バランスの良い食事を用意し片付けるだけにとどまらない。毎日顔を合わせる選手を細かく観察することで変化に気づく、健康管理の役割も担っている。田中博さんは”食堂のおっちゃん”の枠を大きく越え、寮父のような存在となっている。選手の食生活を支えるだけでなく、チームを陰から支える田中さんにお話を聞いた。

 

 

ー食堂では日々どのようなお仕事をしていますか。

野球部がオフの日以外の週5~6日、寮にいる選手に朝昼晩3食作ってます。選手は30人。それぞれ性格が違うから、いかに仲良くなるか、仲良くするかが大切。毎日顔を合わせるわけだから、その子の好物とかの話をしてコミュニケーションを取ってるね。あとは女の子の話とか(笑)。本当に和気あいあいですよ。料理はいろいろ作るけど、選手にはアレルギーも含めて嫌いなものは出さないようにしている。試合がある朝は全員のリクエストでうどんとか、そばを出してます。

 

ー食事のあとに選手が「おっちゃんご飯ありがとう!」と声をかけるなど、仲が良い印象を受けました。他にはどんな業務をしているのでしょうか。

ありがとうございます。そうですね、体調管理も俺がしてます。

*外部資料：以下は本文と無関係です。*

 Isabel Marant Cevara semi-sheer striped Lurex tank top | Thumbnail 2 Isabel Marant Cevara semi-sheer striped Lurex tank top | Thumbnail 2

ちょっと調子が悪そうに見えたら、「どっか悪いのか」とか「熱あんのかー」って声をかける。少し太ったとか、体が一回り大きくなったとか、そういうのもこっちから見ると本当に良く分かるんですよ。あとは、慶應の選手はプロテインをシェイカーで飲んでるんだけど、昔カビが生えていたのに使ってた。だから「こんな汚いの使ってたらお腹壊すよ」って、俺が洗ってあげるようになった(笑)。

 

ー様々なサポートをしているんですね。そういえば、慶應野球部がキャンプで着用するようなTシャツを着てらっしゃいますね。

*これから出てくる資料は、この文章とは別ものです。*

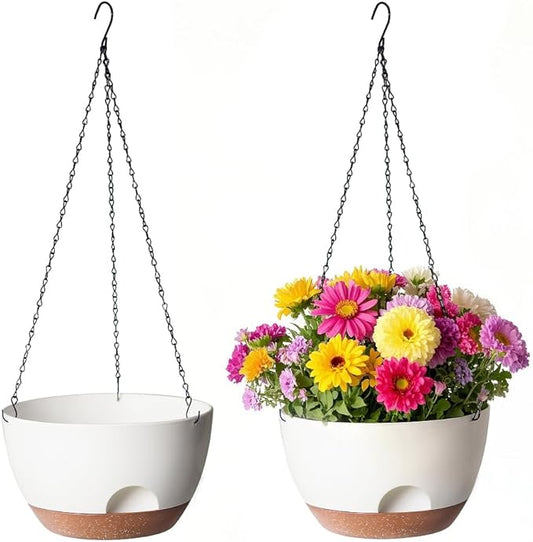 Hanging Planter, 12 Inch Self-Watering Hanging Planters for Indoor Outdoor Plants, Hanging Basket for Plants Flowers Outdoor (White)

もう5枚くらい持ってるかな。「おっちゃん、着る?」って聞かれて「着る着る~」って(笑)。おととし引退した加藤(拓也=広島カープ)くんからは神宮のリーグ戦でノーヒットノーラン達成したときに、「これあげる」ってグローブをプレゼントされました。引退した子たちとも仲良くさせてもらっていて、たまにあいさつに来るよ。ヤーさん(山本泰寛=巨人)も本拠地が東京なんでたまに来る。岩見(雅紀=東北楽天)はまだ来てないけど、今度来るときはバットを持ってきてほしいね(笑)。

 

ー昨年の秋季リーグ戦で優勝しましたが、その時の心境はいかがでしたか。

めちゃくちゃ嬉しかった。「おっちゃんも優勝パレード出ようよ」って言われて、さすがに断ったけどね(笑)。選手を近くから毎日見ていて、当時はそんなに周囲から期待されていなかった。だけどあれよ あれよと勝っちゃって優勝でしょ。めちゃくちゃハイテンションになったよ。神宮に行くのは早慶戦だけだけど、試合結果や選手の活躍はいつも気にしているし、励みになる。(インタビュアーが明治出身者だったため)特に明治に勝ったとき(笑)。春ももちろん、優勝すればいいなと思ってます。食堂から精一杯サポートしてあげたいです。